Il savait pourtant que le véritable amour commence pour l’homme à cette mort ; que c’est un effet nécessaire du mariage que la galanterie se change en culte ; que tout mari, quelque mine qu’il fasse, est au fond de l’âme idolâtre ; que s’il y a conspiration ostensible entre les hommes pour secouer le joug du sexe, il y a convention tacite pour l’adorer ; que la faiblesse seule de la femme oblige de temps à autre l’homme à ressaisir l’empire ; que sauf ces rares exceptions la femme est souveraine, et que là est le principe de la tendresse et de l’harmonie conjugales…

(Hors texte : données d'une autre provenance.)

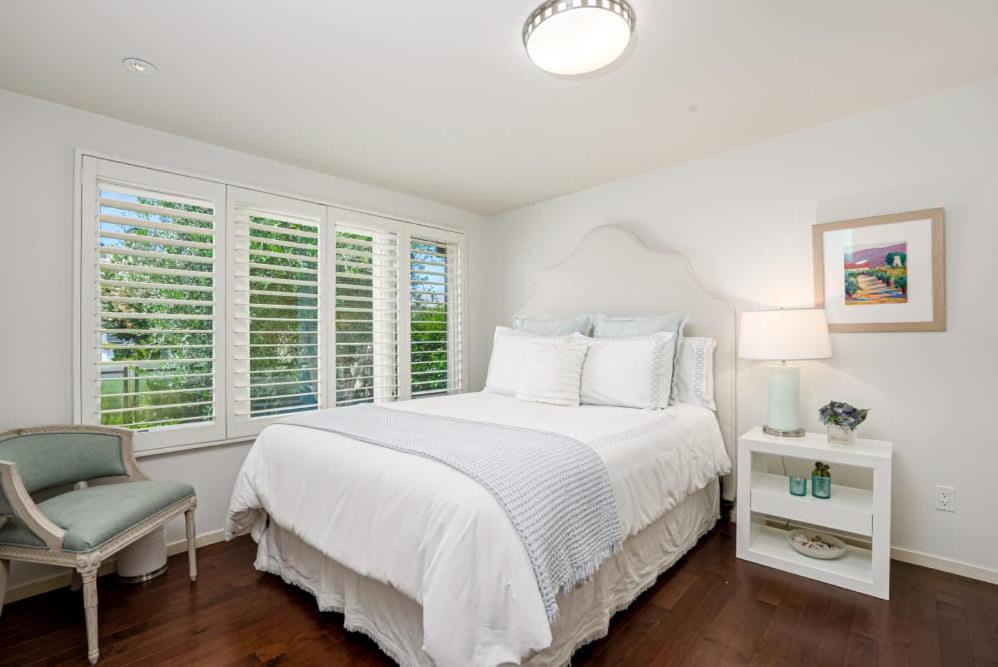 La Jolla 3br Oceanview Deck San Diego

C’est un besoin irrésistible pour l’homme, besoin qui naît spontanément en lui du progrès de son industrie, du développement de ses idées, du raffinement de ses sens, de la délicatesse de ses affections, d’aimer sa femme comme il aime son travail, d’un amour spirituel ; de la façonner, de la parer, de l’embellir. Plus il l’aime, plus il la veut brillante, vertueuse, entendue ; il aspire à faire d’elle un chef-d’œuvre, une déesse. Près d’elle il oublie ses sens et ne suit plus que son imagination ; cet idéal qu’il a conçu et qu’il croit toucher, il a peur que ses mains ne le souillent ; il regarde comme rien ce qui autrefois, dans l’ardeur de ses désirs, lui semblait tout. Le peuple a une horreur instinctive, exquise, de tout ce qui rappelle la chair et le sang : l’usage de excitants bacchiques et aphrosidiaques, si fréquent chez les Orientaux, qui prennent l’aiguisement de l’appétit pour l’amour, révolte les races civilisées : c’est un outrage à la beauté, un contre-sens de l’art. De telles mœurs ne se produisent qu’à l’ombre du despotisme, par la distinction des castes et à l’aide de l’inégalité : elles sont incompatibles avec la justice…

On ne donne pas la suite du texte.